Sunday, March 20, 2011

17/03 Report Urges Even Higher Global Retirement Ages

March 17, 2011
By MATTHEW SALTMARSH

PARIS — Retirement ages in advanced economies will have to rise more than currently planned if countries hope to cover the increase in costs caused by aging populations, a global economic organization warned Thursday.

Ángel Gurría, secretary general of the Organization for Economic Cooperation and Development, said that more “fiscally and socially responsible” measures would be needed to avoid “a resurgence of old-age poverty in the future.”

He added, “This risk is heightened by growing earnings inequality in many countries, which will feed through into greater inequality in retirement.”

In a report, the organization said that by 2050, the average age in industrialized countries for drawing pensions would reach 65 for both sexes.
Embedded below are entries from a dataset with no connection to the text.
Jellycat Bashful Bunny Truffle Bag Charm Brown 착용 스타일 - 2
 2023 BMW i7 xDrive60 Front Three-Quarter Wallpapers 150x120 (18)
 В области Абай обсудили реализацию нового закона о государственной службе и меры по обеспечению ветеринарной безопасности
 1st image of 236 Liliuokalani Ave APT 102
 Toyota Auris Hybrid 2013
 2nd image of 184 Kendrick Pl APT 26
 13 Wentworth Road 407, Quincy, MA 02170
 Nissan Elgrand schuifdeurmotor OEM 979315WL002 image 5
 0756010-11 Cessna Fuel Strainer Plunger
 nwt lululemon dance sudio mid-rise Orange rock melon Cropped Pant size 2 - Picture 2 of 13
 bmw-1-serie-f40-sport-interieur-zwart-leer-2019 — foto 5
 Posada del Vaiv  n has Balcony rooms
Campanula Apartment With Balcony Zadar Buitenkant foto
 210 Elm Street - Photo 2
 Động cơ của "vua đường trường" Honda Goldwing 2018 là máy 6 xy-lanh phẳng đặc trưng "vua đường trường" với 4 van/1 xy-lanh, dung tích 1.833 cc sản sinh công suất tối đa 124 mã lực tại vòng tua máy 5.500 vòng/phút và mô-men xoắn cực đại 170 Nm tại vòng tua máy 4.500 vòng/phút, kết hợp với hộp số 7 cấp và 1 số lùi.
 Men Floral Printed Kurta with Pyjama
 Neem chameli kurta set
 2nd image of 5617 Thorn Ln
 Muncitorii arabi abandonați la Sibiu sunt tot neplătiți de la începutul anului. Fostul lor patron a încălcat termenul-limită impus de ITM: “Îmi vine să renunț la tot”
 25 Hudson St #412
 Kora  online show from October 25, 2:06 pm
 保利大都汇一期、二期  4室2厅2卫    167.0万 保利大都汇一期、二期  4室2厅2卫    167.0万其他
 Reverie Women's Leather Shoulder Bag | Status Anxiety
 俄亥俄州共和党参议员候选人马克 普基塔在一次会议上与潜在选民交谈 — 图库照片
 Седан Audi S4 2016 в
This represents an increase of about 1.5 years for men and 2.5 years for women from current levels.

But the trend toward later retirement and other recent changes, like promoting private pensions, will still not cover the assumed increase in liabilities as the working population shrinks and the number of retirees climbs.

The report, “Pensions at a Glance 2011,” said life expectancy was rising faster than the increase in pension ages, by an average of two years for men and 1.5 years for women.

The size of the working-age population in the 34 countries belonging to the organization will peak around 2015 and fall more than 10 percent by 2050, meaning that a smaller group of workers will be supporting a larger number of retirees.

Thus, financial sustainability for retirement systems “is not guaranteed unless pension ages are increased beyond current plans in most of the O.E.C.D.,” the report said.

Pension changes in member countries since the early 1990s have already helped to cut estimated future pension payouts by 20 percent on average, the report said. The main tool has been to push up the retirement age.

In October, French lawmakers agreed to lift the minimum age for retirement to 62 from 60, and for a full pension to 67 from 65, despite protests. Britain plans to raise its retirement age to 68 starting in 2044, from 65 now. Germany has agreed to increase its retirement age in steps to 67, from 65, by 2029. In the United States, the retirement age is 66 and will rise to 67 by 2022.

In the organization’s region, public pensions remain the “cornerstone” of old age incomes, accounting for 60 percent on average. The other 40 percent is made up almost equally of income from work and from private pensions and other savings.

As public benefits continue to be reduced, private sources will increasingly need to fill the gap, the report said.

The basic state pension provision varies widely across the organization.

In Britain, the full basic state pension for a single person was £90.70 ($146), a week in 2008, equivalent to nearly 14 percent of average weekly earnings. In the Netherlands, the equivalent was about 265 euros ($371), a week, or 29 percent of average earnings.

“Higher pension ages are only part of the answer,” Mr. Gurría said. “Countries need to do more to fight discrimination, to provide training opportunities for older workers and to improve their working conditions. This would help employers adapt to a grayer work force.”